Work to be completed: Within the lines below, the span from the line with "Japanese Traditional Hand" to the line with "LEINEN-MIX BLUSE | oatmilk", both ends included, is to be reproduced exactly, with pictures omitted.

Given records:
##########

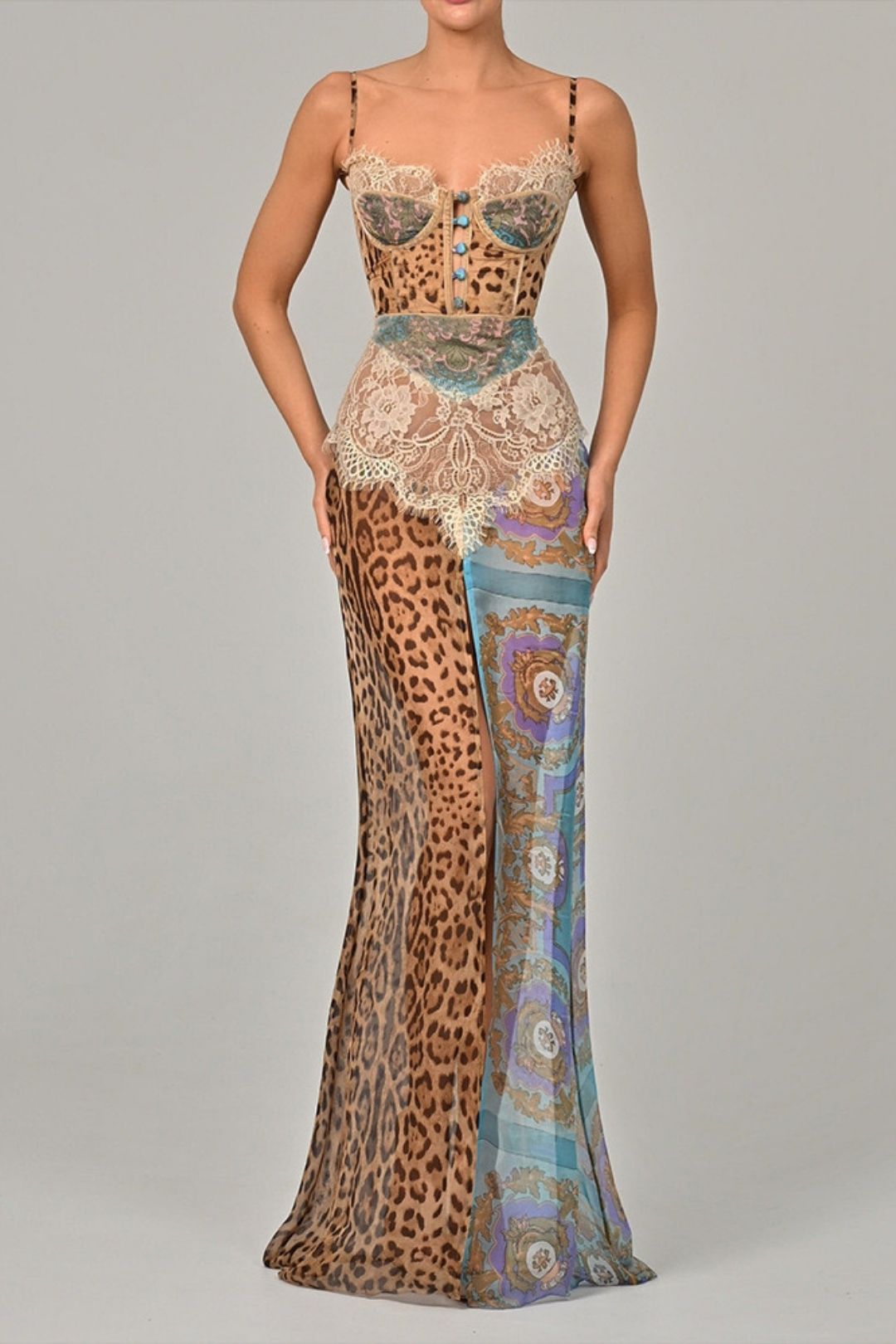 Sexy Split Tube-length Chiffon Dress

##########

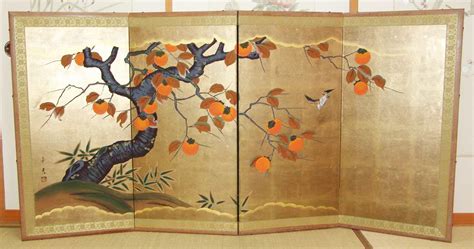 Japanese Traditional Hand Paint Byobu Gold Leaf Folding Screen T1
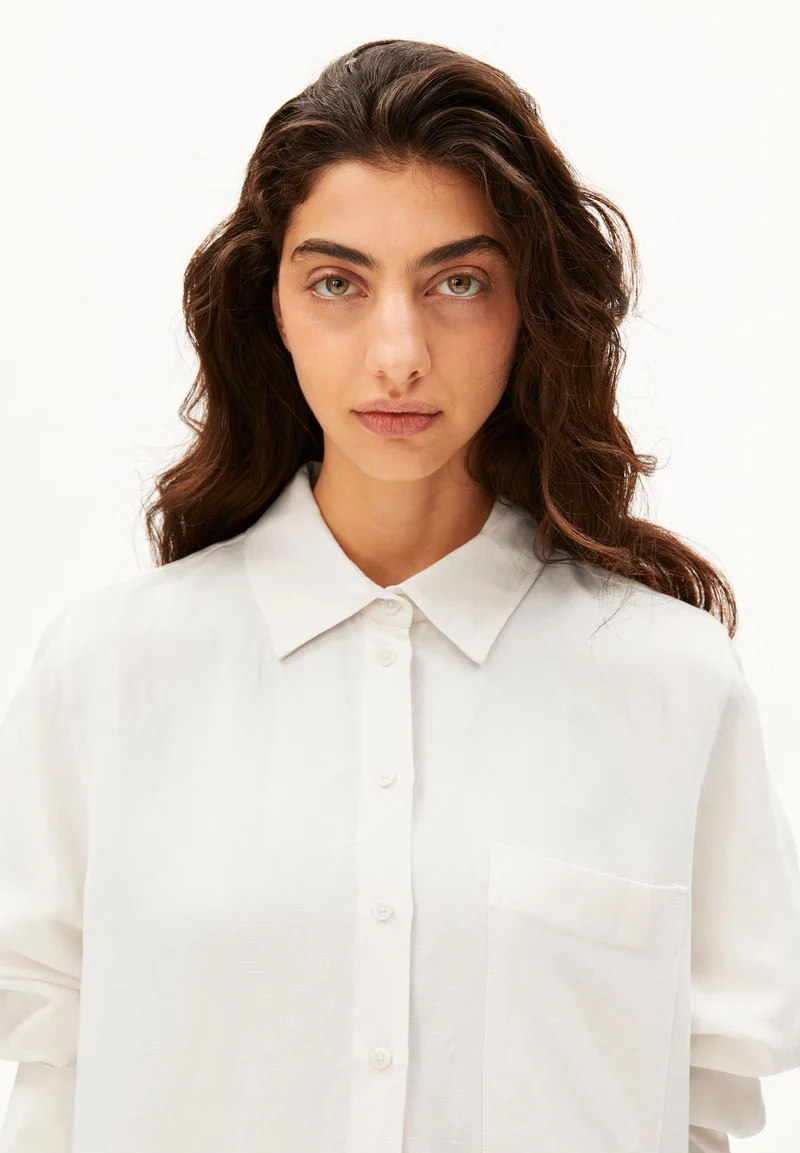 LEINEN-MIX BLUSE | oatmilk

##########

Written solution:
 Japanese Traditional Hand Paint Byobu Gold Leaf Folding Screen T1
 LEINEN-MIX BLUSE | oatmilk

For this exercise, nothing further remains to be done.